Traditionally RWS or Range While Scan is displays radar contacts as “bricks”, contacts that are displayed in range and azimuth from the emitter. From successive radar hits, the radar operator might interpolate their rough heading and speed based off of how they move across the screen, but more accurate information is generally not available unless the contact is locked up in STT or another mode. Think RWS in the F-15, or RWS as it is now in the F/A-18 now.

TWS or Track While Scan is another layer on top of this. Using successive radar sweeps or “frames”, the a computer is able to interpolate the heading and speed of a contact based off it’s movement between each sweep. From this information it’s able to create “track”, which is a guess of where the contact will travel in between radar sweeps, and is updated every time the radar sees the target again.

LTWS, or Latent TWS is a mode in the Hornet that is a blend of the two. While in RWS with LTWS enabled, the radar will essentially perform TWS in the background. Radar contacts will still show up as bricks on the screen, however the radar is also creating tracks for what it considers the eight highest priority contacts it can see. As @sobek you can then quickly check the information about the contact (mach, altitude, heading) by hovering your cursor over it. You can also rapidly cycle between available tracks by hitting the “undesignated” button.

This is beneficial because it allows you the relatively rapid update ability of RWS, with the option of the greater situational awareness provided by TWS, without having to deal with the slow refresh time of TWS if time is critical.

Plus with TWS you can fire active missiles without switching to STT, which is a pretty sneaky way to gain an advantage in a BVR engagement.

There are pros and cons to that. The F-15C frankly over represents this capability and has given it an outsized reputation relative to its worth.

The achilles heel of TWS is that it is slow. Depending on your azimuth and bar settings and range, it can take two or four seconds to get a “hit” on a bandit. If the thing you’re shooting at maneuvers aggressively in the intervening time, it’s entirely possible he can either enter the notch, or reposition to a point far enough away that the radar doesn’t recognize the contact as being related to the track in which case the lock will be broken. I’m not entirely familiar with how the AN/APG-73 is meched, but there is a very real possibility that if the contact manages it just right, there can be four or eight seconds where the radar has lost the contact, but because of how long it takes to build frames, that information is not conveyed to the pilot.
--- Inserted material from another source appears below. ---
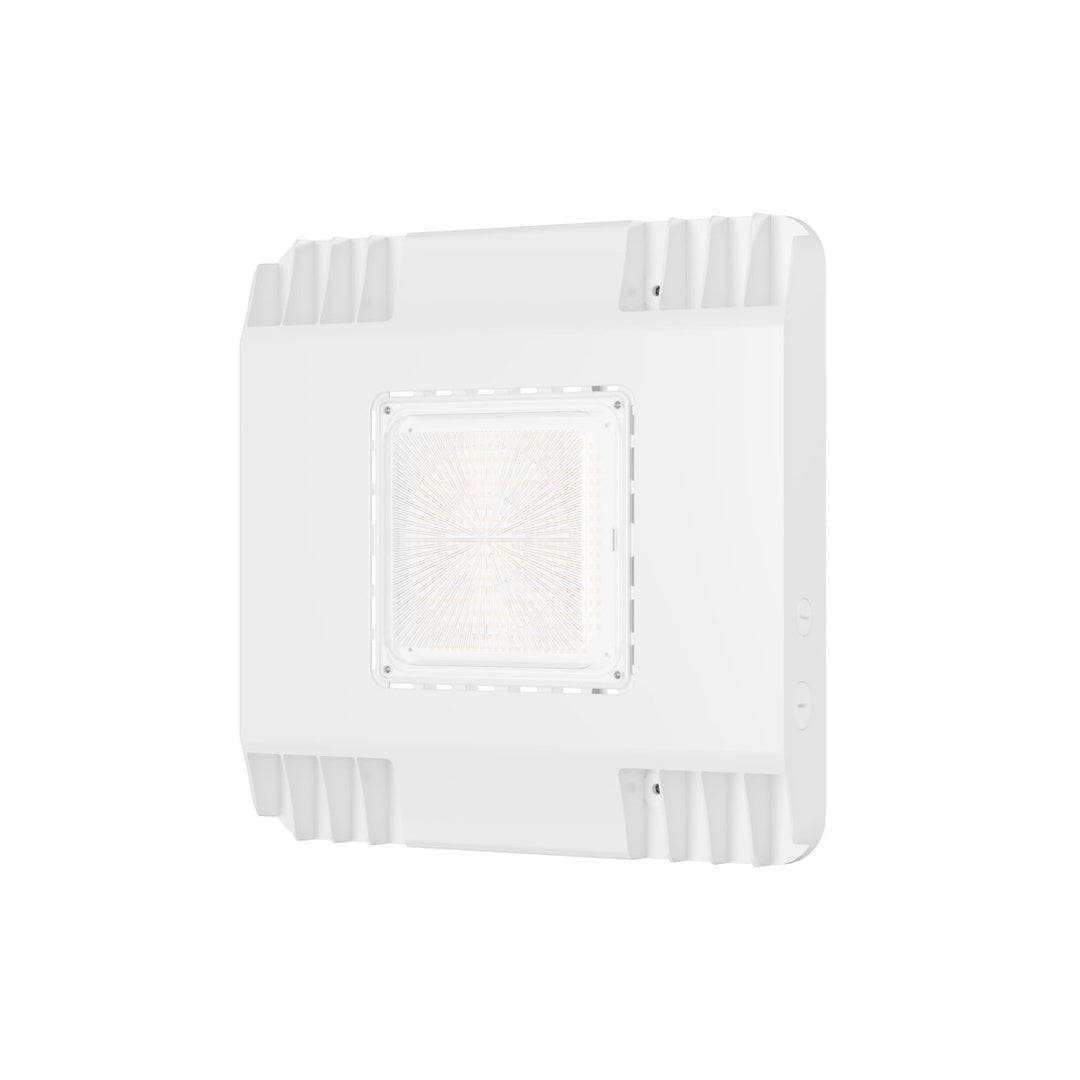 LED Canopy Lights for Gas Station or Outdoor Carport Lighting LED Canopy Light Fixtures - Waterproof - 2CCT Selectable 4000K/5000K - 21250LM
You can say that they won’t maneuver if they don’t know they’ve been shot at, but if your opponent knows the general capabilities of your missile and radar, they can form a rough timeline on when you can shoot, and take action to counter that regardless of whether they know a missile is in the air or not.

Unless you’re shooting bombers, missiles, or someone whose capabilities you have a very low opinion of, you’re still probably going to want to shoot in STT.

For all you sports fans watching at home, this applies to the Tomcat too, as you will see.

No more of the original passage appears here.